Before coming here, to Quetta, we lived in Kabul under the Taleban for a while, but my face was too well known because I’d often performed on TV during the Republic. After the Taleban came to power, I stayed at home in PD8 for four months, barely going out at all. Then somebody – well, actually it was the wakil-e gozar [the representative] of my neighbourhood – who informed the Taleban about me, telling them that “this guy used to play music on TV and so on.” The Taleban came to my house, I owned a lot of instruments, also sarods and guitars, besides the rubabs.

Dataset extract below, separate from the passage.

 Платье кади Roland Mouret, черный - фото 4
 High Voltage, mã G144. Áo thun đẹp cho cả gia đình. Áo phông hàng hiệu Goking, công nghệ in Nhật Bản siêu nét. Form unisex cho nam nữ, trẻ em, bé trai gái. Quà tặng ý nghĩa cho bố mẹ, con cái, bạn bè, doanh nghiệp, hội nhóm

They scolded me and they destroyed some of [my collection]. After that, I decided to quit my home and I went to live in hiding in a rented house in Khushal Khan (in PD5 of West Kabul, the other side of the city) for another four to five months, until we managed to leave the country.
In those days, to bring you to Pakistan, smugglers would normally ask for 50,000 Pakistani rupees [around USD 270 at the time, in May 2022]. I had to pay triple the amount, 150,000 PKRs [around USD 810], because the smugglers could tell I was some sort of fugitive. They thought I must have been someone in the military or a government official, or anyway somebody with something to hide from the Taleban, so they raised the price as they pleased.
For men of Faruq and Fazel’s age, to suddenly lose the social status and economic stability achieved after great efforts in difficult environments – respectively a social background considered a ghetto, albeit a musical ghetto, like Kharabat, and a conservative, though learned, provincial city such as Herat, was a particularly heavy blow. Added to that, covering even the basic economic needs of a family was suddenly a nightmare, especially for Faruq, a refugee in Pakistan, shorn of rights and, unlike Fazel, with no international support.
It’s now ten months since my family and I arrived here in Quetta. Life is very hard – from an economic point of view, to understanding the language, to having access to public services. I’m very concerned because my kids can’t go to school – my daughter should be in class 11, and my sons in classes 7 and 4. Government schools won’t accept them as we’re undocumented here, and private schools are too expensive.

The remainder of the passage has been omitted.